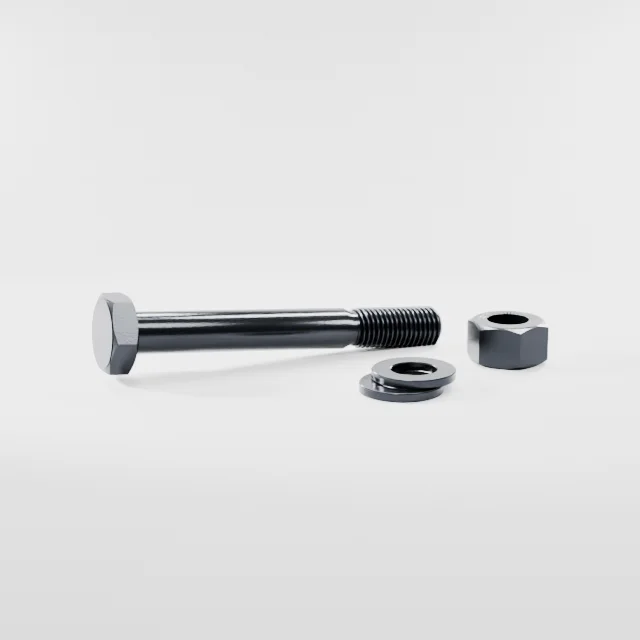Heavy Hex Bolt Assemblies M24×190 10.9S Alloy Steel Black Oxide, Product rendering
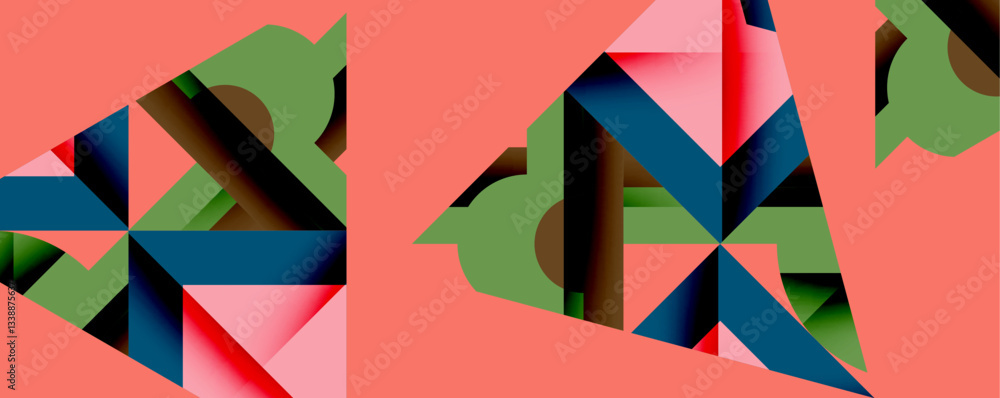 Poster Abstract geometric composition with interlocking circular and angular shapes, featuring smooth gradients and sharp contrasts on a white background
--
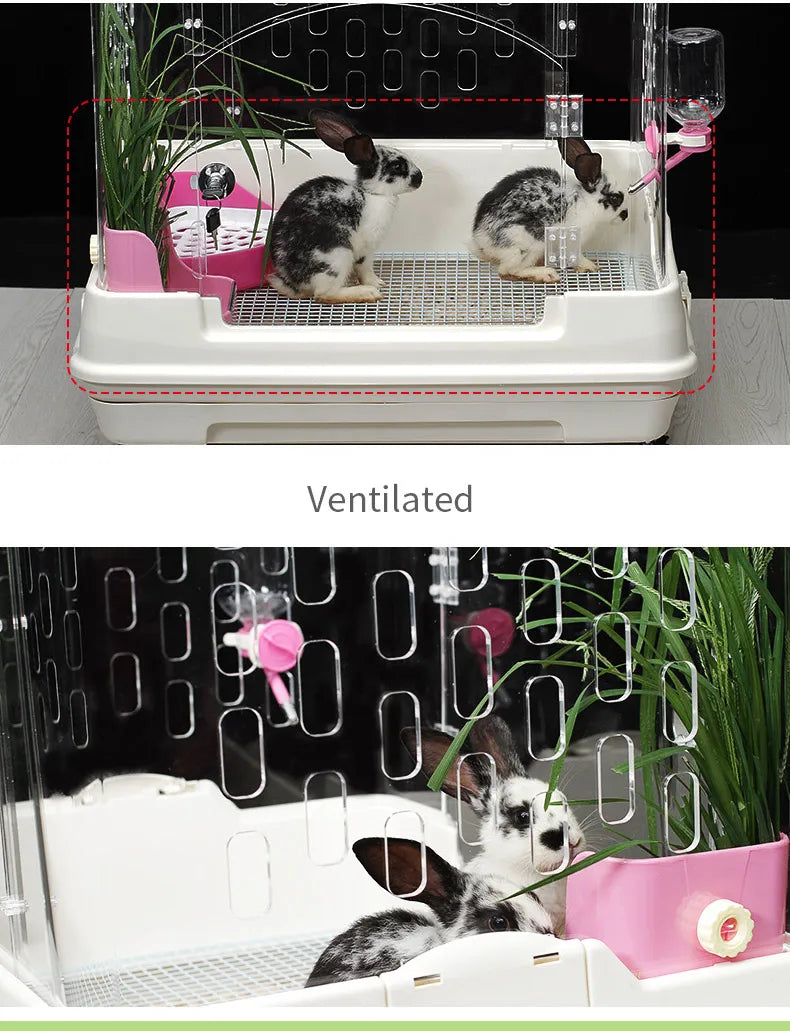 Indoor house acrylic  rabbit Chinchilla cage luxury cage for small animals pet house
---
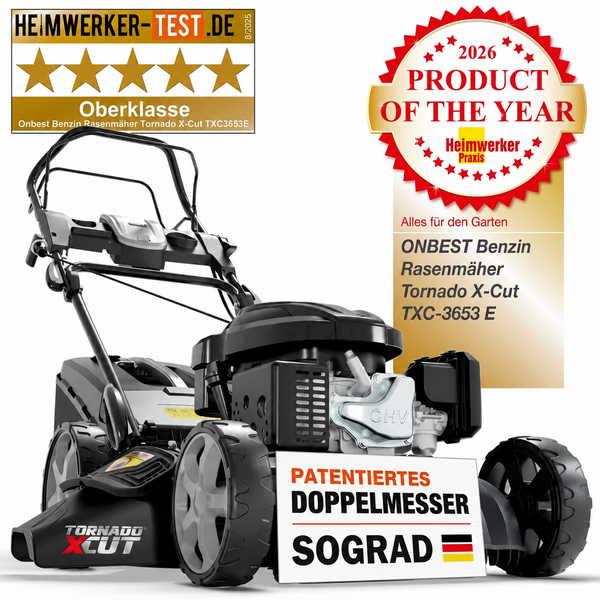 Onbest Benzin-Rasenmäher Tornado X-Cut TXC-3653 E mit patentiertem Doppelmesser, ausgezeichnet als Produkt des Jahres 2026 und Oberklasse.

PROMPT :: Using the listing above, restate exactly the range between the lines holding "Heavy Hex Bolt" and "Poster Abstract geometric", inclusive, with pictures left out.

THE ANSWER ::
Heavy Hex Bolt Assemblies M24×190 10.9S Alloy Steel Black Oxide, Product rendering
 Poster Abstract geometric composition with interlocking circular and angular shapes, featuring smooth gradients and sharp contrasts on a white background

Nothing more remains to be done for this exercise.